Telescope Terminology 101

 

Aperture
The diameter of a telescope’s main lens or mirror — and the scope’s most important attribute. As a rule of thumb, a telescope’s maximum useful magnification is 50 times its aperture in inches (or twice its aperture in millimeters)

Barlow Lens
A lens that’s placed into the focusing tube to effectively double or triple a telescope’s focal length and, in turn, the magnification of any eyepiece used with it.

Celestial Coordinates
A grid system for locating things in the sky. It’s anchored to the celestial poles (directly above Earth’s north and south poles) and the celestial equator (directly above Earth’s equator). Declination and right ascension are the celestial equivalents of latitude and longitude.

Compound Telescope
A telescope with a mirror in the back and a lens in the front.

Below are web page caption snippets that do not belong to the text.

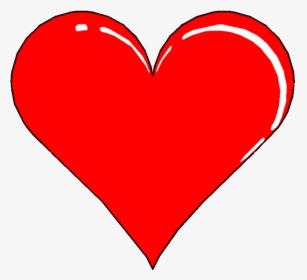 Big Bold Red Heart Clipart - Red Beating Heart Gif, HD Png Download, Transparent PNG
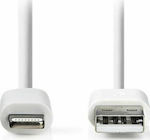 Nedis Regular USB to Lightning Cable Λευκό 1m (CCGP39300WT10)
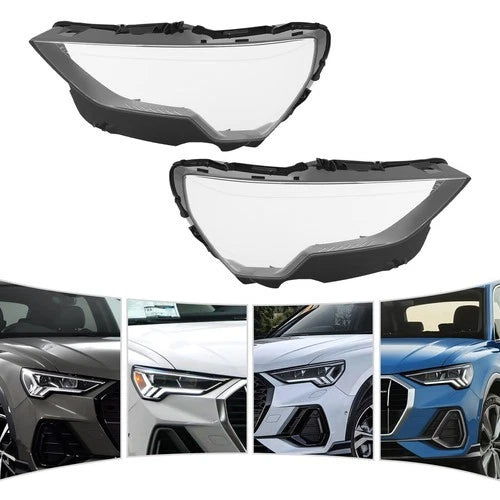 Set of 2 Headlight Covers for Audi Q3 (2019–2023)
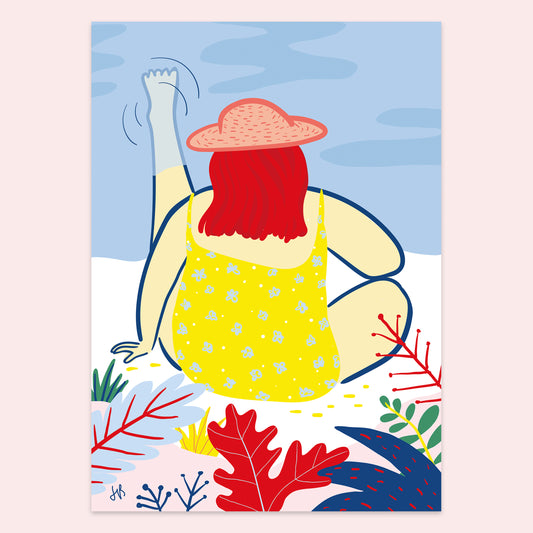 At the Beach - Hagar Bareket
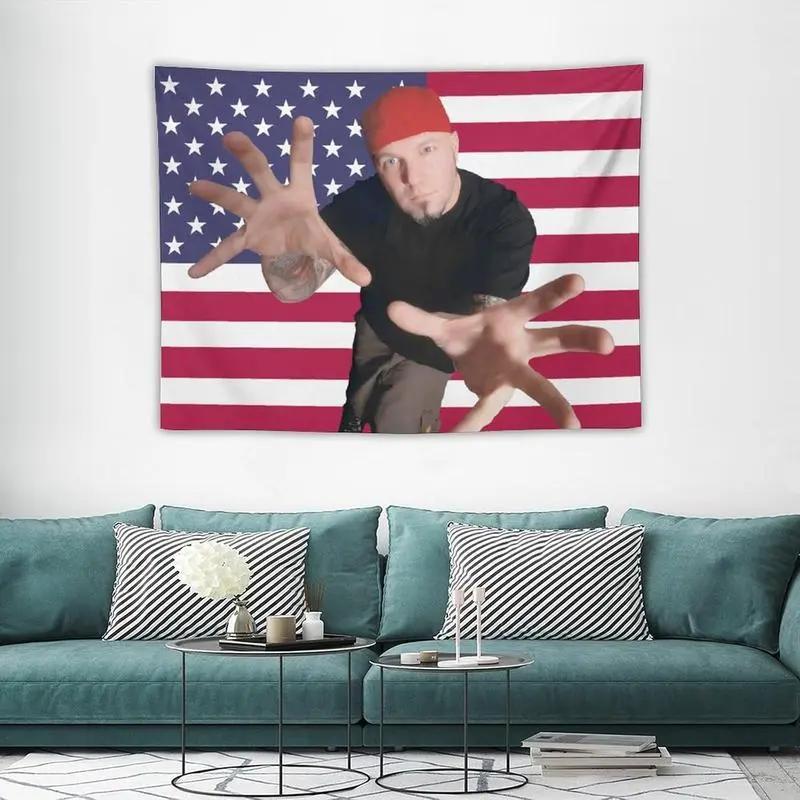 Flair Hub Limp Nu Metal Bizkit Tapestries, 90's Vintage Graphic Posters, Retro Aesthetic Wall Hanging, Funny Flag Banner for Home Decor 30"x40" Print Peach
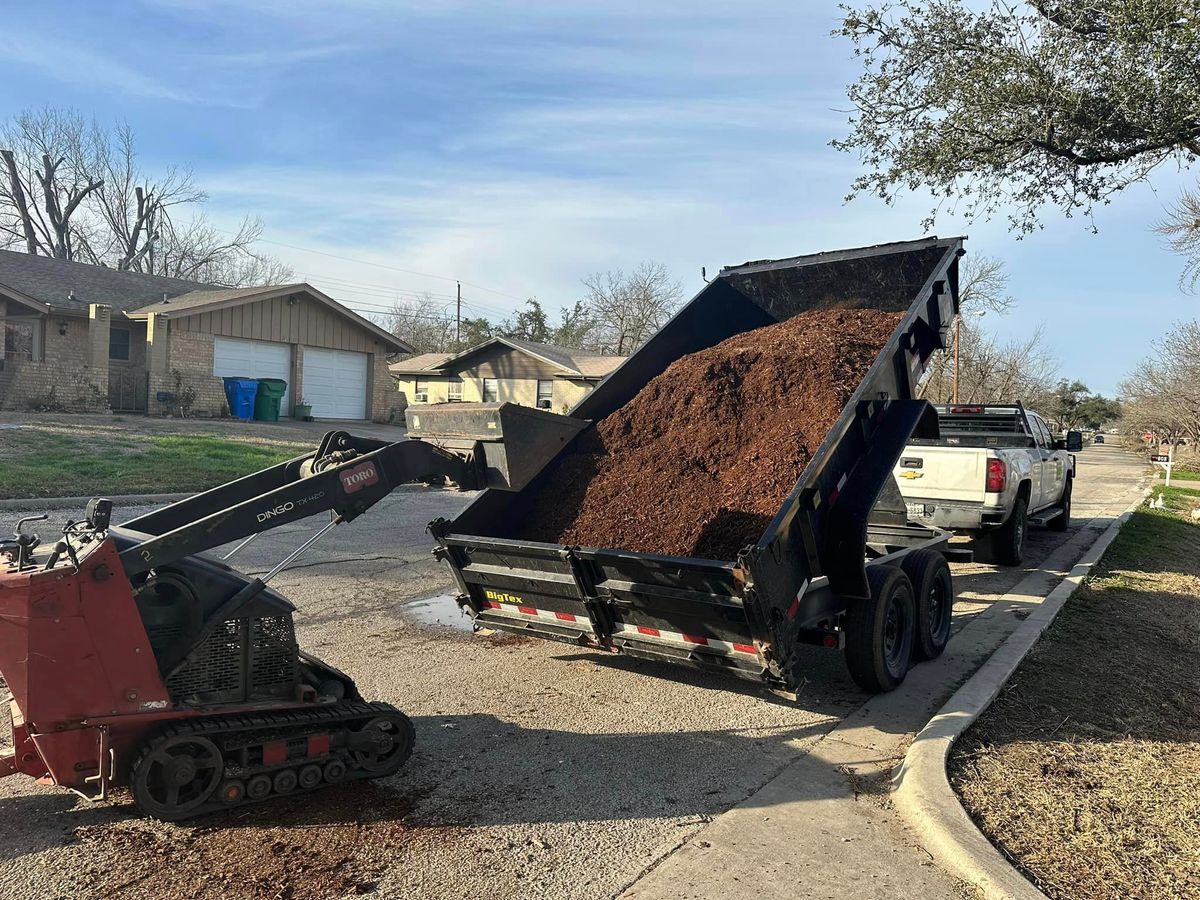 Mulch Installation for Allen Lawn Care in Taylor, Texas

The most popular designs are the Schmidt-Cassegrain telescope (SCT) and the Maksutov-Cassegrain telescope (commonly called a “Mak”).

Dobsonian (“Dob”)
A type of Newtonian reflector, made popular by amateur astronomer John Dobson, that uses a simple but highly effective wooden mount. Dobs provide more aperture per dollar than any other telescope design.

Eyepiece
The part of a telescope that you look into. A telescope’s magnification can be changed by using eyepieces with different focal lengths; shorter focal lengths yield higher magnifications. Most eyepieces have metal barrels that are 1¼ inches in diameter; other standard sizes are 0.965 and 2 inches across.

Field of View
The circle of sky that you see when you look through a telescope or binoculars. Generally, the lower the magnification, the wider the field of view.

Finderscope
A small telescope used to aim your main scope at an object in the sky. Finderscopes have low magnifications, wide fields of view, and (usually) crosshairs marking the center of the field.

Focal Length
The distance (usually expressed in millimeters) from a mirror or lens to the image that it forms. In most telescopes the focal length is roughly equal to the length of the tube. Some telescopes use extra lenses and/or mirrors to create a long effective focal length in a short tube.

Focal Ratio (f/number)
A lens or mirror’s focal length divided by its aperture. For instance, a telescope with an 80-mm-wide lens and a 400-mm focal length has a focal ratio of f/5.

Light Pollution
A glow in the night sky or around your observing site caused by artificial light. It greatly reduces how many stars you can see. Special light-pollution filters can be used with your telescope to improve the visibility of celestial objects.

Magnification (power)
The amount that a telescope enlarges its subject. It’s equal to the telescope’s focal length divided by the eyepiece’s focal length.

Mount
The device that supports your telescope, allows it to point to different parts of the sky, and lets you track objects as Earth rotates. A sturdy, vibration-free mount is every bit as important as the telescope’s optics. A mount’s top, or head, can be either alt-azimuth (turning side to side, up and down) or equatorial (turning parallel to the celestial coordinate system). “Go To” mounts contain computers that can find and track celestial objects automatically once the mounts have been aligned properly.

Objective
A telescope’s main light-gathering lens or mirror.

Reflector
A telescope that gathers light with a mirror. The Newtonian reflector, designed by Isaac Newton, has a small second mirror mounted diagonally near the front of the tube to divert the light sideways and out to your eye.

Refractor
A telescope that gathers light with a lens. The original design showed dramatic rainbows, or “false color,” around stars and planets. Most modern refractors are achromatic, meaning “free of false color,” but this design still shows thin violet fringes around the brightest objects. The finest refractors produced today are apochromatic, meaning “beyond achromatic.” They use expensive, exotic kinds of glass to reduce false color to nearly undetectable levels.

Solar Filter
Material that allows safe viewing of the Sun by blocking nearly all of its light. Proper filters should completely cover the front aperture of a telescope and should never be attached to the eyepiece; they range from glass used by welders to special plastic film. White-light filters will show sunspots, while hydrogen-alpha (Hα) filters let certain red light through that reveals the Sun’s streaming hot gases.

Star Diagonal
A mirror or prism in an elbow-shaped housing that attaches to the focuser of a refractor or compound telescope. It lets you look horizontally into the eyepiece when the telescope is pointed directly overhead.

Unit-Power Finder
A device for aiming your telescope that shows the sky as it appears to your unaided eye, without magnification. The simplest type is a pair of notches or circles that you line up with your target. Other versions use an LED to project a red dot or circle onto a viewing window.